“Quem tem poder, que faça bom uso.”
Blog Patricia Porto - Sobre Pétalas e Preces. (www.pporto.blogspot.com)
“Até um vira-lata é obedecido quando ocupa um cargo.” Frase célebre de Shakespeare em Rei Lear. Há uma outra não tão célebre, mas não menos polêmica: “Gosto de crianças (exceto meninos)”, esta de outro escritor inglês muito reconhecido: Charles Lutwidge Dodgson ou simplesmente Lewis Carroll, autor do clássico “Alice no país das maravilhas”. Carroll já adulto não só tinha como melhores amigas “menininhas”, mas também as fotografava com permissão e apoio da própria mãe. Eram tempos vitorianos... Outro tempo, outra moral. Não tenho tanta certeza, mas talvez não tivéssemos hoje por Dodgson ou Caroll a mesma complacência, isso levando em conta a nossa atual visão de mundo. Sem respostas absolutas que não acabem sucumbindo ao fosso da temporalidade, o que importa me parece ilustrar aquilo que do passado vingou: que Caroll foi indiscutivelmente um grande escritor que tratou de nos deixar de legado seus incômodos narrativos de imagens perturbadoras e visões pra lá de ambíguas que jogam com nossos próprios e indiscretos espelhos. O cenário de sua escrita? Uma terra e uma época profundamente marcadas pela opressão do puritanismo. Caberia então perguntar o que a repressão e a tirania podem fazer de mesquinho com os homens. Frear, coibir ou iluminar sua loucura? Coroar ou cortar suas cabeças?
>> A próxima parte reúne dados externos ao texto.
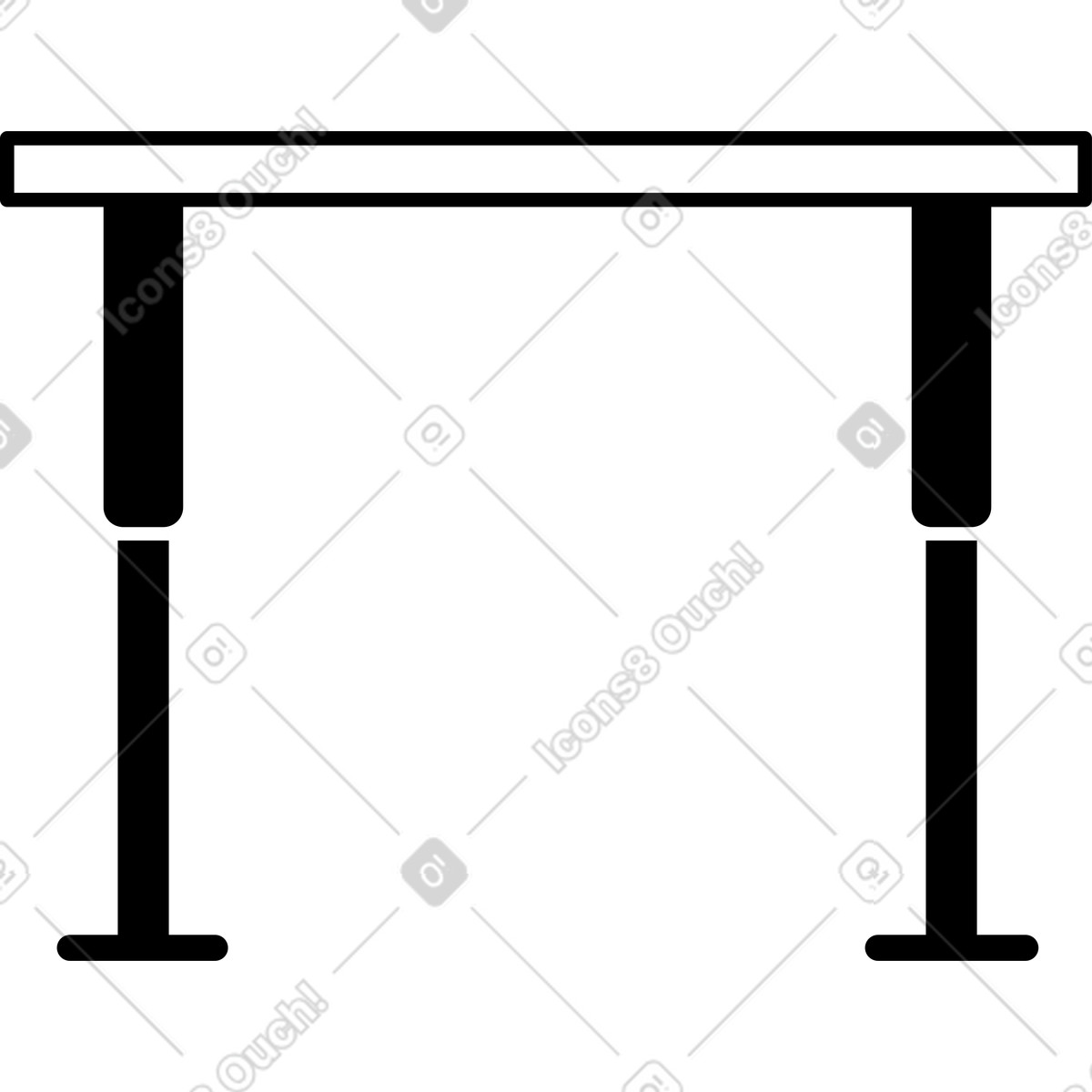 Illustration Table avec pieds noirs dans le style Transistor à télécharger aux formats PNG, SVG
Num tempo não tão distante, muitas rainhas e rainhas-mães se revelaram tão insanas e perversas, tão tiranas e sanguinárias quanto os seus próprios reis-pais, acabando com a esperança de que mulheres no poder sempre nos salvariam de guerras atrozes, perseguições vingativas e derramamentos de sangue. Novamente Shakespeare nos aponta a montanha que há por trás do iceberg ou por trás de um desejo oculto e freado. Lady Macbeth, de Shakespeare, tem a força e a gula dos grandes tiranos. Em toda minha incursão literária nunca li tanta crueldade, tanto ímpeto feroz, marcado pelo orgulho do ódio e o delírio da ambição:
“Vinde, espíritos sinistros
Que servis aos desígnios assassinos!
Dessexuai-me, enchei-me, da cabeça
Aos pés, da mais horrível crueldade!”
Dessexuai-me... Ninguém melhor que Shakespare para traduzir a vontade do poder, ninguém melhor que Freud para interpretá-lo. O desejo cruel de Lady Macbeth, a inveja de Iago, a persuasão de Cássio, a dominação de Petrucchio, o fantasma de um pai, a manipulação da mãe, Hamlet e a tirania se contrastando com a palidez e a fragilidade de Ofélia, a ninfa no lago. Que morra, por certo.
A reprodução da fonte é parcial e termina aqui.